In [None]:
# Fetch parameters from Data Factory
schemaName=dbutils.widgets.get("schemaName")
tableName=dbutils.widgets.get("tableName")
filePath=dbutils.widgets.get("filePath")

# Create database
spark.sql(f'CREATE SCHEMA IF NOT EXISTS bronze_{schemaName}')

# Drop table
spark.sql(f'DROP TABLE IF EXISTS bronze_{schemaName}.{tableName}')

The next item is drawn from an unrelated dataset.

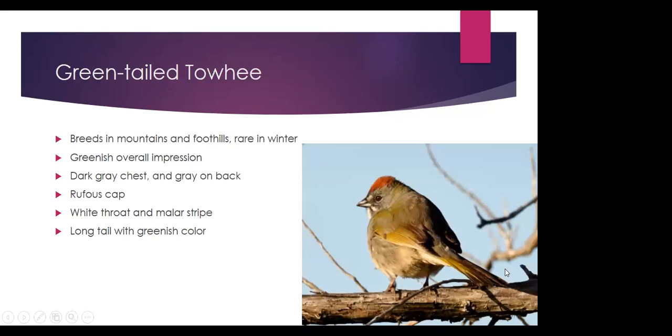The green-tailed towhee is rare in winter in Colorado, but a fairly regular breeder throughout much of the mountainous western regions and can be seen in foothills along the front range. This is really the only sparrow in Colorado that gives an overall greenish-yellow impression, especially visible in the tail and wings. Other things to look for include a bright rusty cap, a white mustache or malar stripe, a completely white throat, and an overall dark gray or greenish-gray color on the back and chest.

# Create new external table using latest datetime location
ddl_query = f"""
  CREATE TABLE bronze_{schemaName}.{tableName} 
  USING PARQUET
  LOCATION '/mnt/bronze/
  {schemaName}/{filePath}/{tableName}.parquet'
"""

# Execute query
spark.sql(ddl_query)

Using external tables is simple and straightforward; it does not require data duplication. However, you must keep several considerations in mind:


- Reading from external Parquet tables is generally slower than reading from Delta tables. This performance lag can be attributed to factors like suboptimal partitioning, which affects how data is accessed and processed.


- Unlike managed Delta tables, external Parquet tables lack support for advanced features such as schema enforcement and time travel, which can enhance data management and analytics.